### WORK REQUEST
Print out each entry below exactly; do not carry over any image.

### Image-caption web data
§

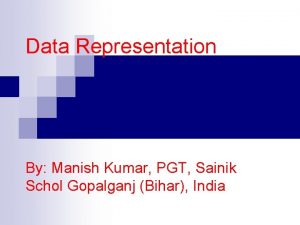 Data Representation By Manish Kumar PGT Sainik Schol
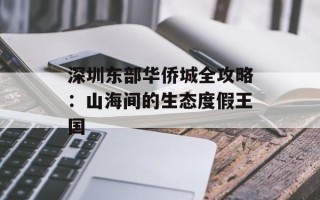 深圳东部华侨城全攻略：山海间的生态度假王国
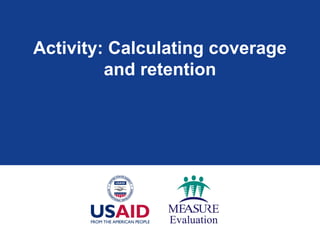 Activity: Calculating coverage
and retention
 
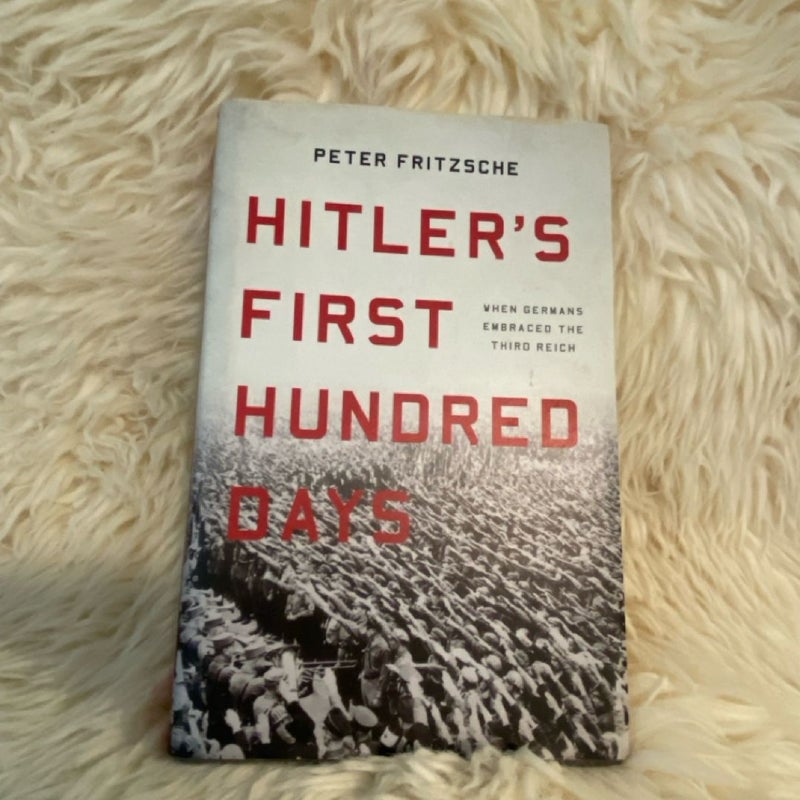 Hitler's First Hundred Days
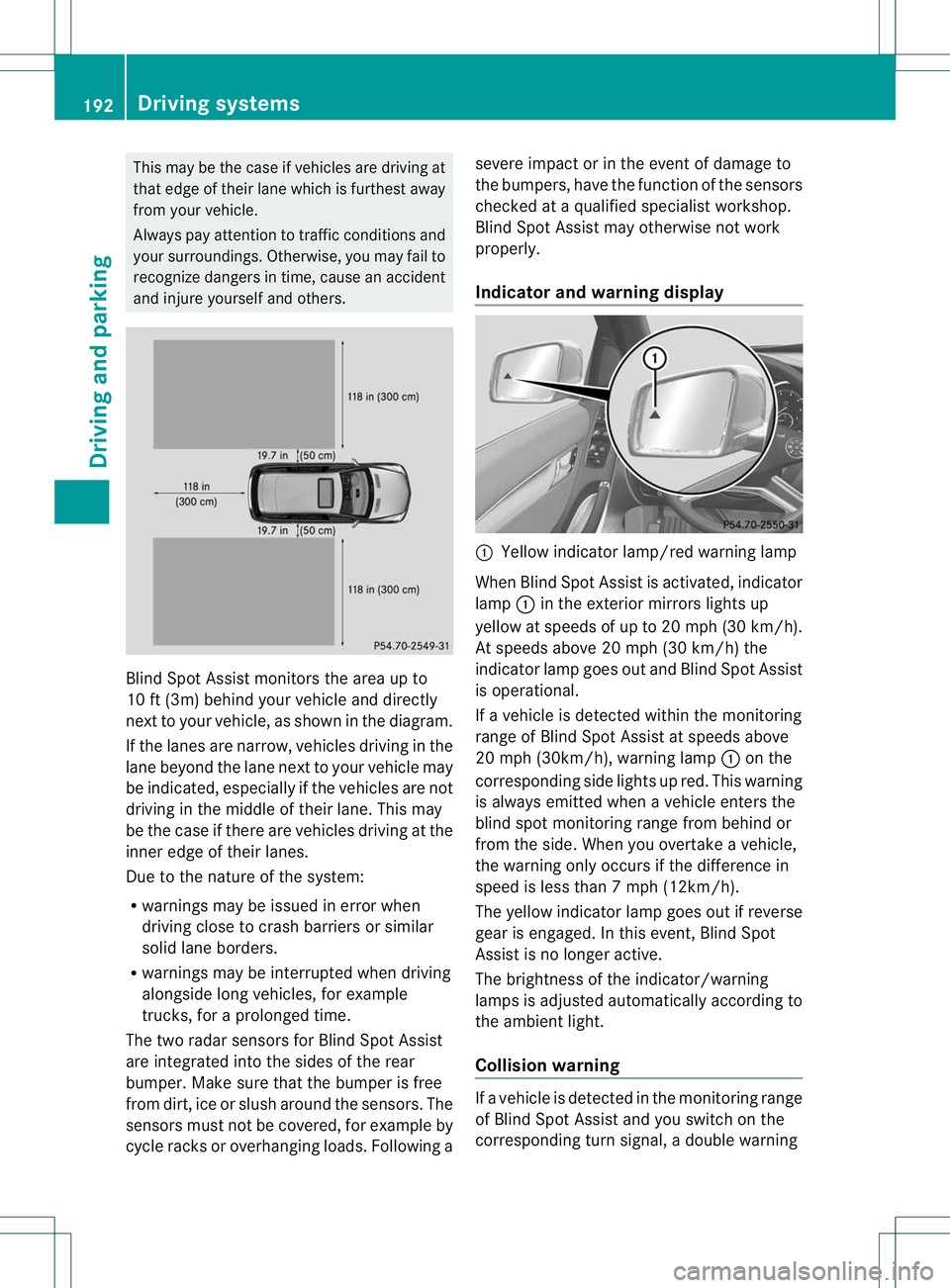 MERCEDES-BENZ R-CLASS FAMILY TOURER 2013  Owners Manual This may be the case if vehicles are driving at
that edge of their lane which is furthest away
from your vehicle.
Always pay attention to traffic conditions and
your surroundings. Otherwise, you may f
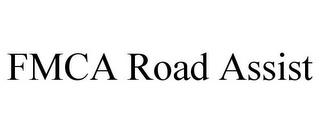 FMCA ROAD ASSIST trademark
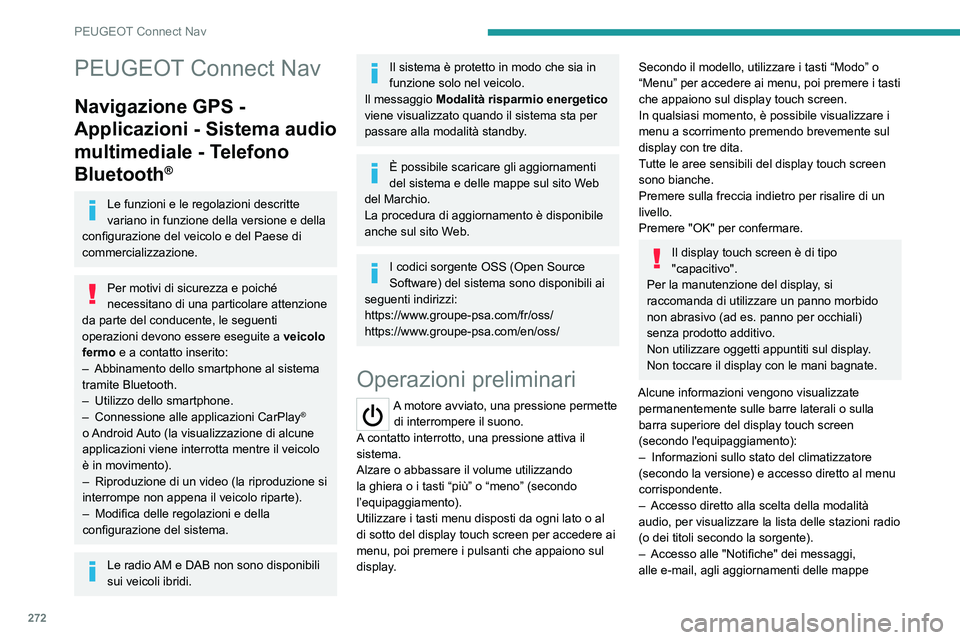 PEUGEOT PARTNER 2022 Manuale duso (in Italian) 272
PEUGEOT Connect Nav
PEUGEOT Connect Nav
Navigazione GPS -
Applicazioni - Sistema audio
multimediale - Telefono
Bluetooth
®
Le funzioni e le regolazioni descritte
variano in funzione della ver PEUGEOT PARTNER 2022 Manuale duso (in Italian) 272
PEUGEOT Connect Nav
PEUGEOT Connect Nav
Navigazione GPS -
Applicazioni - Sistema audio
multimediale - Telefono
Bluetooth
®
Le funzioni e le regolazioni descritte
variano in funzione della ver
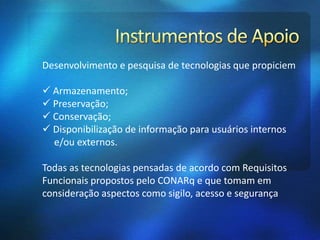Desenvolvimento e pesquisa de tecnologias que propiciem
 Armazenamento;
 Preservação;
 Conservação;
 Disponibilização de informação para usuários internos
e/ou externos.
Todas as tecnologias pensadas de acordo com Requisitos
Funcionais propostos pelo CONARq e que tomam em
consideração aspectos como sigilo, acesso e segurança
 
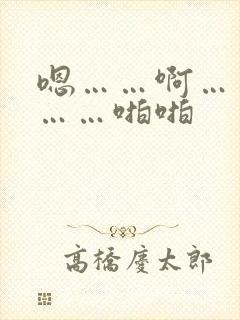 嗯……啊……唔……啪啪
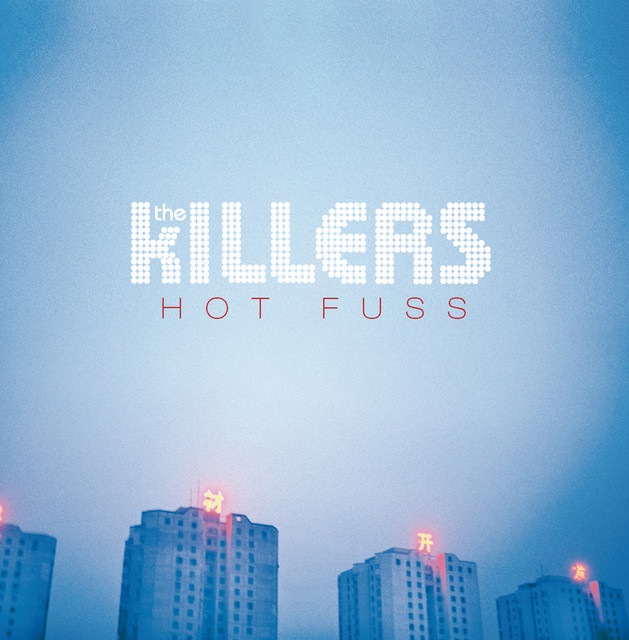The Killers — Hot Fuss cover artwork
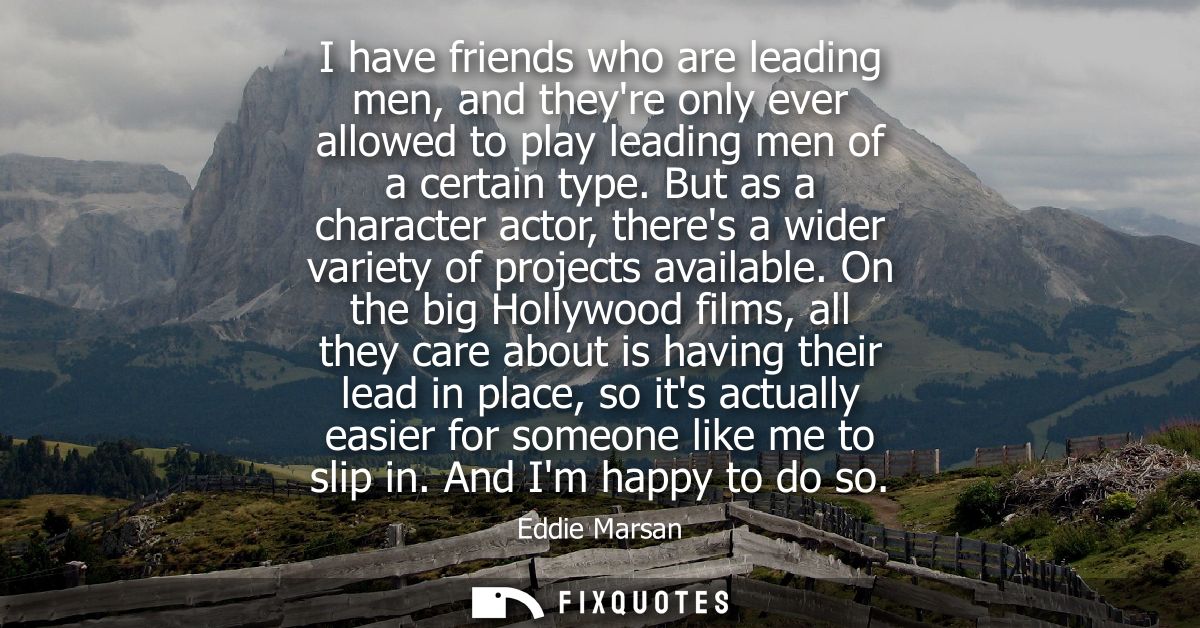 I have friends who are leading men, and theyre only ever allowed to play leading men of a certain type.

§

### ANSWER
 Data Representation By Manish Kumar PGT Sainik Schol
 深圳东部华侨城全攻略：山海间的生态度假王国
 Activity: Calculating coverage
and retention
 
 Hitler's First Hundred Days
 MERCEDES-BENZ R-CLASS FAMILY TOURER 2013  Owners Manual This may be the case if vehicles are driving at
that edge of their lane which is furthest away
from your vehicle.
Always pay attention to traffic conditions and
your surroundings. Otherwise, you may f
 FMCA ROAD ASSIST trademark
 PEUGEOT PARTNER 2022 Manuale duso (in Italian) 272
PEUGEOT Connect Nav
PEUGEOT Connect Nav
Navigazione GPS -
Applicazioni - Sistema audio
multimediale - Telefono
Bluetooth
®
Le funzioni e le regolazioni descritte
variano in funzione della ver PEUGEOT PARTNER 2022 Manuale duso (in Italian) 272
PEUGEOT Connect Nav
PEUGEOT Connect Nav
Navigazione GPS -
Applicazioni - Sistema audio
multimediale - Telefono
Bluetooth
®
Le funzioni e le regolazioni descritte
variano in funzione della ver
Desenvolvimento e pesquisa de tecnologias que propiciem
 Armazenamento;
 Preservação;
 Conservação;
 Disponibilização de informação para usuários internos
e/ou externos.
Todas as tecnologias pensadas de acordo com Requisitos
Funcionais propostos pelo CONARq e que tomam em
consideração aspectos como sigilo, acesso e segurança
 
 嗯……啊……唔……啪啪
The Killers — Hot Fuss cover artwork
 I have friends who are leading men, and theyre only ever allowed to play leading men of a certain type.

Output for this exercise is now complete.